ということは、そういう指導をしてくれる先生に巡り合わなかったり、かゆいところに手が届く解説が書いてある問題集を買わなかったりすると一生知らないままだということです。

えてしてこういうのって都会の人のほうがいろいろな意味で情報へのアクセスでは有利で、本人の意志とは無関係に地方都市に生まれたりすると(その自覚なく)余計に苦労したり回り道をする羽目になります。

ヴァイオリンもその一つ。そもそも地方都市ではヴァイオリンを習っている人がおらず、ゆえにヴァイオリン教室もビジネスとして成り立たないので開設されておらず、親も「うちの子にヴァイオリンをやらせよう」というひらめきなど生まれるはずもなく、となると仮に素質があったとしてもヴァイオリンと縁のない人生を送ることになるわけです。まあ、あんな理不尽な楽器とは縁がないほうが幸せかもしれませんね。

私が何も気づかず弾いていた上昇音階の弾き方のコツも「教わって初めてわかった」というもの。
センスのある人ならすぐに気づくのに、普通に弾いていただけの私は本当に適性がないんですね・・・。そのコツとは・・・。


ヴァイオリン曲の上昇音階を弾く時のコツ

具体的な譜例を見てみましょう。

ballet

これはヴァイオリンを習う人なら大抵出くわすベリオの「バレエの情景」の序盤の一部(この部分はイ長調)。

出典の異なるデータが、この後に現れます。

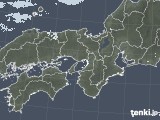 雨雲レーダー(2020年10月06日)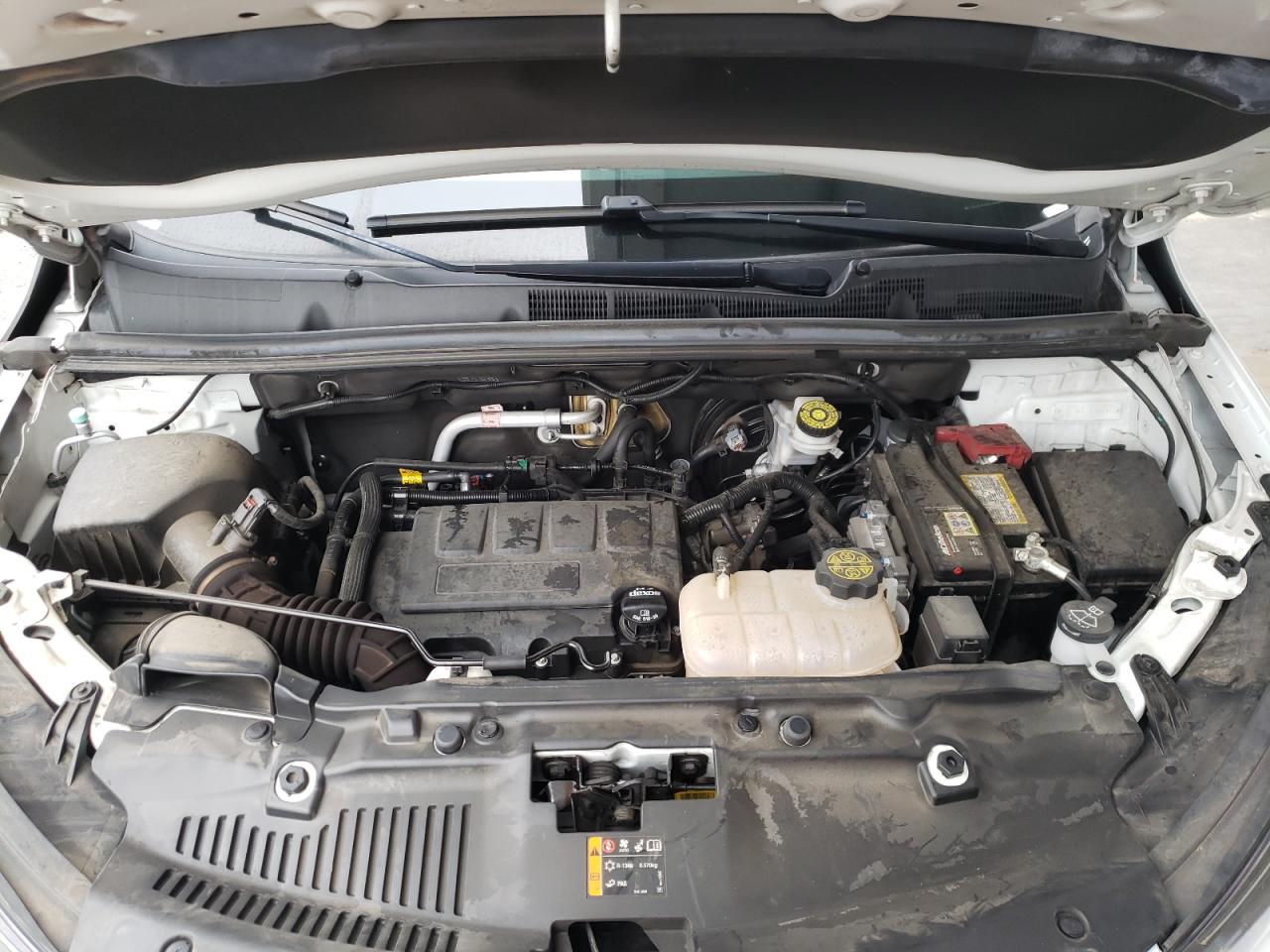 Photo 7 from auction – 2020 BUICK ENCORE ESS with VIN KL4CJCSB9LB059139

普通に考えて、ラードミはG線、ラドミはA線、ラドミでまたE線に上がり、さらにラーと伸ばす部分はE線の上のほうへ小指をエイっと伸ばすでしょう。

ダメでした。そういう弾き方をしたら先生に全否定されました。

正しくはラードミでG線、ラドミもA線(ここまでは間違っていない)、その後のラドミもまたA線で弾きます。つまりこのラドミのラは3rdポジションでE線を1の指で押さえるのではなく、A線の7thまで上がって1の指でラを押さえろ、ドは3の指、ミは4の指を伸ばして、そのあとフラジオレットでラもまた引き続きA線で音を出せと指導されました。

私は普通に「ラドミのラは3rdポジションでE線を1の指で押さえればいいや」と思っていましたが、世の中のヴァイオリニストというのはこういう音階を見るとA線でそのまま駆け上がってフラジオレットでもっと高い音を出すのだとか。で、それがサマになるように何回も何回も音階を練習するのだとか。

少なくとも私はこの箇所を見て「あ、ここはこういう風に演奏しなきゃいけないんだ」と自ら気づくことはありませんでした。先生に言われて初めて「ああそうかな」という気分になりました。
ということはこれからも似たような音の連なりを見た時に、この時のことをすっかり忘れて普通に演奏して、その都度「ここは同じ弦で一気に弾くんだ」と言われるのだろうという未来の光景がいかにも想像されます。

どうやら私はヴァイオリニストとしての適正がさあっぱり欠けているようですね。